El trabajo de un espía puede ser muy vulgar y exigir pocas neuronas, aunque los gobiernos lo denominen ‘servicio de inteligencia’. En el Congreso de Viena, celebrado entre 1814 y 1815 tras la derrota de Napoleón, el ministro de Asuntos Exteriores francés, Charles-Maurice de Talleyrand-Périgord se enteró de lo que tramaban las demás potencias porque sus agentes recogían las notas que otras delegaciones dejaban olvidadas. Un siglo más tarde, los británicos demostrarían haber aprendido la lección.
En el ensayo ‘París, 1919’ (Ed. Tusquets), la historiadora Margaret MacMillan relata que, cuando acabó la Primera Guerra Mundial y se negoció el Tratado de Versalles, los representantes del Reino Unido tenían órdenes de romper en pedacitos las comunicaciones. El hotel parisino donde se alojaron estuvo custodiado por Scotland Yard y las esposas de los delegados fueron acomodadas en otro lugar. El motivo, explica Margaret MacMillan, era que ellas «habían sido responsables de la filtración de secretos» en el Congreso de Viena.
La Segunda Guerra Mundial también estuvo plagada de patinazos de los servicios de espionaje, errores que hoy parecen ridículos en el contexto de una conflagración global. Un agente novato de la Francia libre estuvo a punto de morir en España por revelar su identidad e intenciones a un supuesto británico al que conoció en el tren París-Hendaya-San Sebastián-Irún Madrid, un hombre culto que hablaba inglés con acento de Oxford y que, según le explicó un empleado de los coches-cama, era el embajador de la Alemania nazi en la capital de España, el barón Von Stohrer.
Según relata Manuel Adolfo Martínez Pujalte (‘Los espías y el factor humano’), el francés locuaz era Alexandre de Marenches, que años después dirigió los servicios secretos franceses con los presidentes Pompidou y Giscard D’Estaing.

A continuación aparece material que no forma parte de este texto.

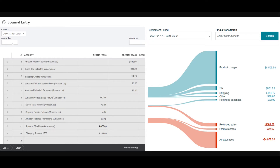On the right side we have our product charges, which is Amazon product sales. For Amazon.ca we have our sales tax collected, and here is our shipping credit. We also have Amazon transaction fees and refunded expenses. These are all credits.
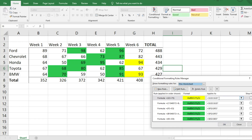If it doesn't work at first, I'd recommend checking that the conditional formatting applies to the right range — make sure you have that range selected where you want it to take place. This is a very useful trick for data visualization. Let me know if you have any questions, if you'd like me to make any other videos, and please remember to subscribe to the Excel Bay. Thanks!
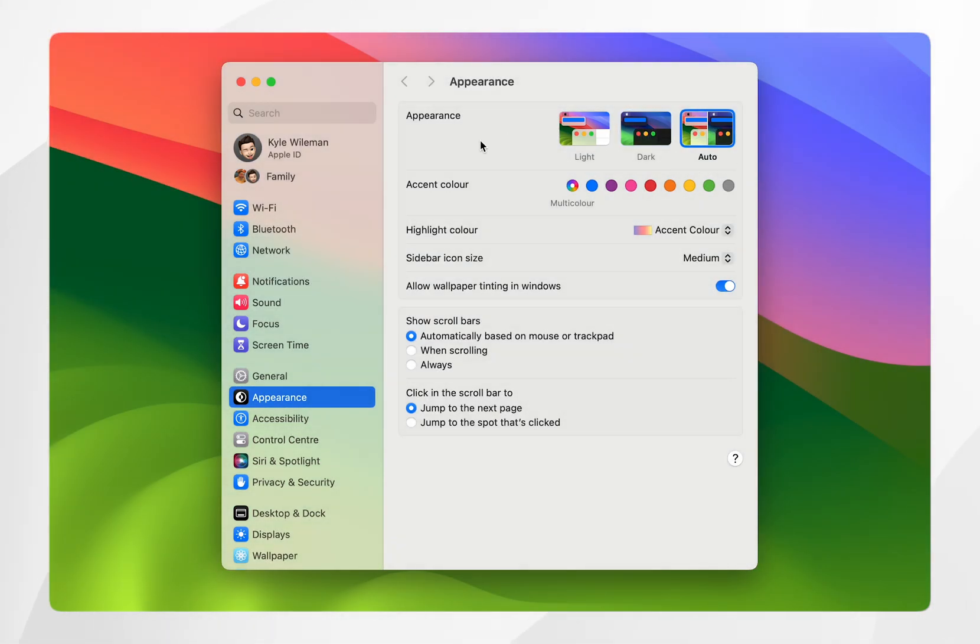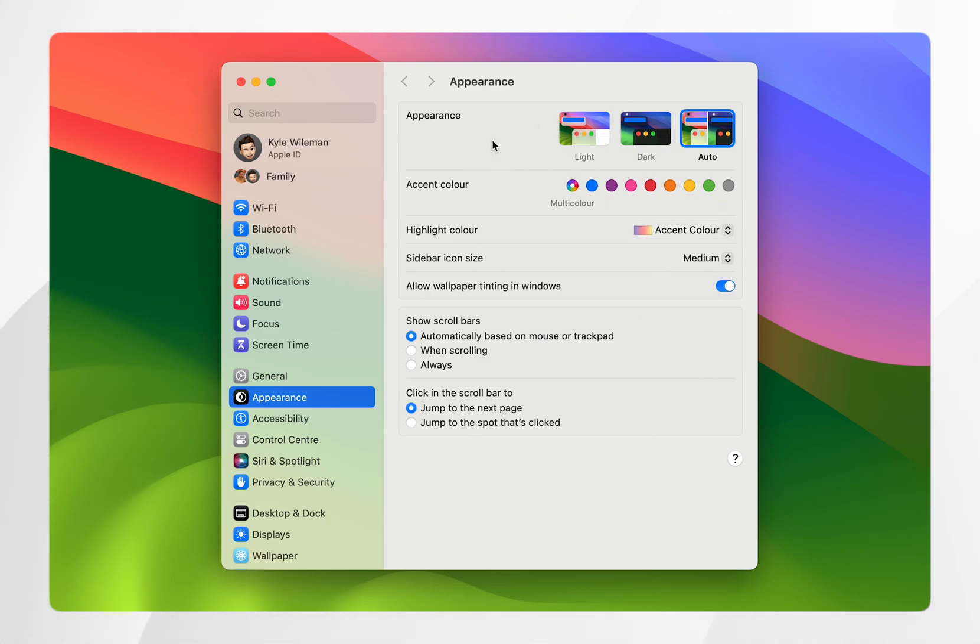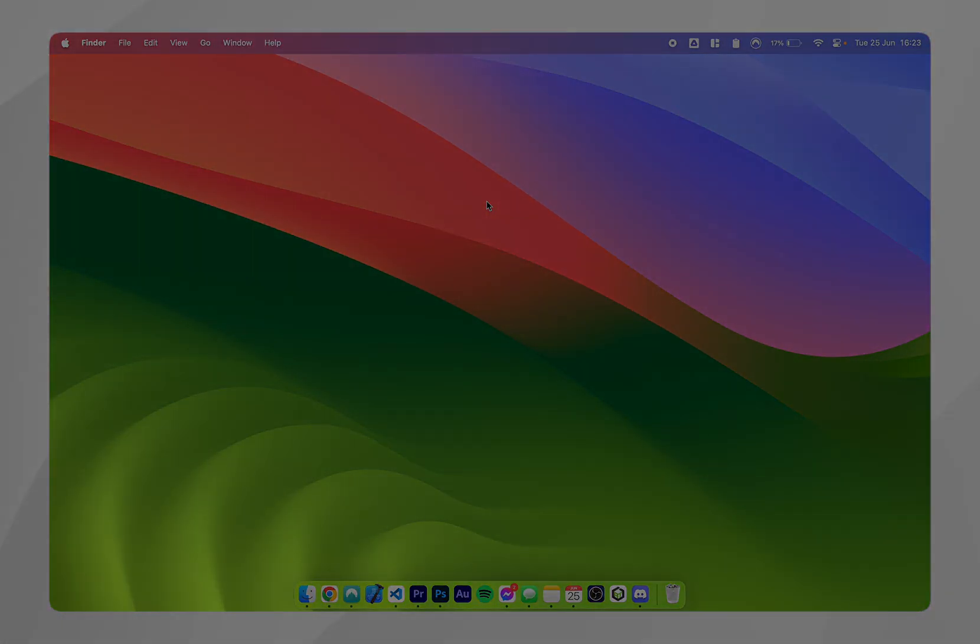You'll also get more customizable options just below, which you can play around with. If this video was helpful, please leave a like and don't forget to subscribe.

Cuando llegó a Madrid en 1942 pensó que estaba perdido, pero nunca lo detuvieron sin que él acertara a explicarse por qué. Lo comprendió cuando Von Stohrer apareció entre los implicados del compló contra Hitler de 1944. Marenches cometería antes otra estupidez en España. Nada más llegar a Madrid se alojó en el hotel Florida, frecuentado por los miembros de la Gestapo.
Durante la guerra fría, los servicios de información no sabían a veces si realmente estaban metiendo la pata. Uno de esos casos, relatado por el periodista Frederick Kempe en ‘Berlín 1961’ (Ed. Galaxia Gutemberg), fue la deserción desde el otro lado del telón de acero de un extraño agente polaco apodado ‘el Francotirador’. En enero de 1961, este individuo aseguró que los rusos le habían descubierto y obligó a la CIA a montar una operación para llevarlo a Berlín oeste. A primera vista parecía valioso, porque iba a identificar a espías rusos y polacos. Alertó de una red infiltrada en el Gobierno británico y de un topo en el contraespionaje de Estados Unidos.

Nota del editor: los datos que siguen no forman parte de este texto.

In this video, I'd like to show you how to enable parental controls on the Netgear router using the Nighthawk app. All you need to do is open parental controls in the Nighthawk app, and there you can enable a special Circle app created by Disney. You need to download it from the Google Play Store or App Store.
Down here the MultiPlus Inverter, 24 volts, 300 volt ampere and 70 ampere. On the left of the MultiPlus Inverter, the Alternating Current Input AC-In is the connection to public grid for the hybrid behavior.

Desgraciadamente, en la CIA enseguida surgieron dudas sobre la veracidad de aquellas revelaciones y, en última instancia, sobre el equilibrio mental del espía. Decía ser el teniente coronel Michael Goleniewski, ex jefe del contraespionaje polaco, y no se presentó a los aliados con su esposa, como había anunciado, sino con una amante que creía que él era periodista. Abusaba del alcohol y escuchaba música con el volumen muy alto.
«Más tarde aseguraría ser el hijo del zar Nicolás II, Alexei, el único heredero superviviente de la dinastía de los Romanov, y también que Henry Kissinger era espía de la KGB», escribe Frederick Kempe. «Los más altos cargos de la CIA nunca lograrían ponerse de acuerdo sobre si era un desertor genuino o un provocador soviético».